Next spring, Tribeca will get street furniture with a dramatic difference.

Hoping to avoid a repeat of the catastrophic flooding that shut down several of the city’s subway lines last year, the NYC Transit recently revealed plans to install raised ventilation grates along four blocks of West Broadway and one block of Varick Street.

And above each grate?

A bicycle rack capable of holding up to eight bikes with stainless steel benches jutting from either end.

The 16 raised grates, ranging from 16 to 26 feet long, will be placed on West Broadway between Chambers and Leonard, and Varick Street between Leonard and Franklin.

In order to prevent rainwater from spilling into the subway, the new grates, designed by Grimshaw Architects, will rise six inches above the sidewalk.

Since most of the proposed grates are within the Tribeca Historic District, the design came before Community Board 1’s Landmarks Committee this summer. Although the committee was asked to weigh in only on the appropriateness of the design to the historic district—the city’s Landmarks Preservation Commission (LPC) and Public Design Commission had already approved the design—the committee took aim at the entire proposal.

In its advisory resolution, it rejected the grates as “totally inappropriate for the Historic District” and said they would further clog the area’s already crowded streets. (Pedestrians stand to lose more than 1,500 square feet of sidewalk on West Broadway.)

“I think it’s absurd for the MTA, while it’s struggling with a deficit, to mitigate for a ‘hundred-year storm,’” said committee co-chairman Bruce Ehrmann.

At 95 West Broadway, north of the corner of West Broadway and Chambers Street, Cosmopolitan Cafe owner Craig Bero said he was shocked to learn of the MTA’s plan to install the raised grates, one of which will sit right outside his cafe’s front door.

“They’re hideous to look at,” Bero said. “There’s other ways the city could design this.”

As someone whose business will face a new grate and bike rack, Bero said he would have expected to have been included in discussions about the design before it was approved. Instead, he said, an MTA representative showed him the proposed designs just hours before they were scheduled to meet with the LPC.
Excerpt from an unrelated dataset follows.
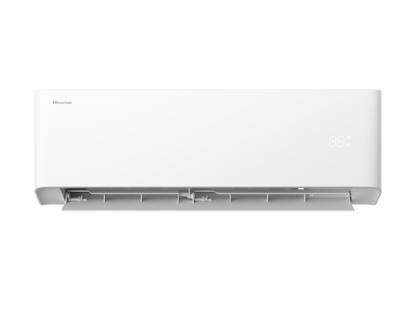 HISENSE AIR-CONDITION - 2 TON - A+++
“They never opened it up for discussion,” he said. “They didn’t even let me keep a copy of the proposal. They just came in and said, ‘This is what’s going in,’ and then left, about two hours before the hearing.”


Though he’s still upset about the way he was informed of the project, Bero said what angers him most is what he called the obvious disconnect between the “space-age” grates and the historic buildings nearby.

“It outrages the landscape,” Bero said. “When we do so much to adhere to all the restrictions the city has for historic buildings, for them to do something like this is unbelievable. Would they dare do something like this to the Plaza [Hotel]?”

The stretch of track between the Franklin Street and Chambers Street stations, NYC Transit design manager Stephen Petrillo told the committee, was one of the worst-affected sections of the subway system during the freak thunderstorms on Aug. 8, 2007.

“It was unprecedented within our system,” Petrillo said. “After that event a commitment was made to the Governor...to mitigate these problems so they don’t happen again.”

New grates are planned for other trouble spots identified after the storm, including sections of upper Broadway and Queens.

“The grates are more than capable of dealing with falling rainwater,” Petrillo said. The problems start when water collects on sidewalks and streets, and then pours down the ventilation shafts.

This month, a prototype of the new grate will be installed on the east side of West Broadway between Thomas and Worth.

Petrillo said the entire project should be completed in March.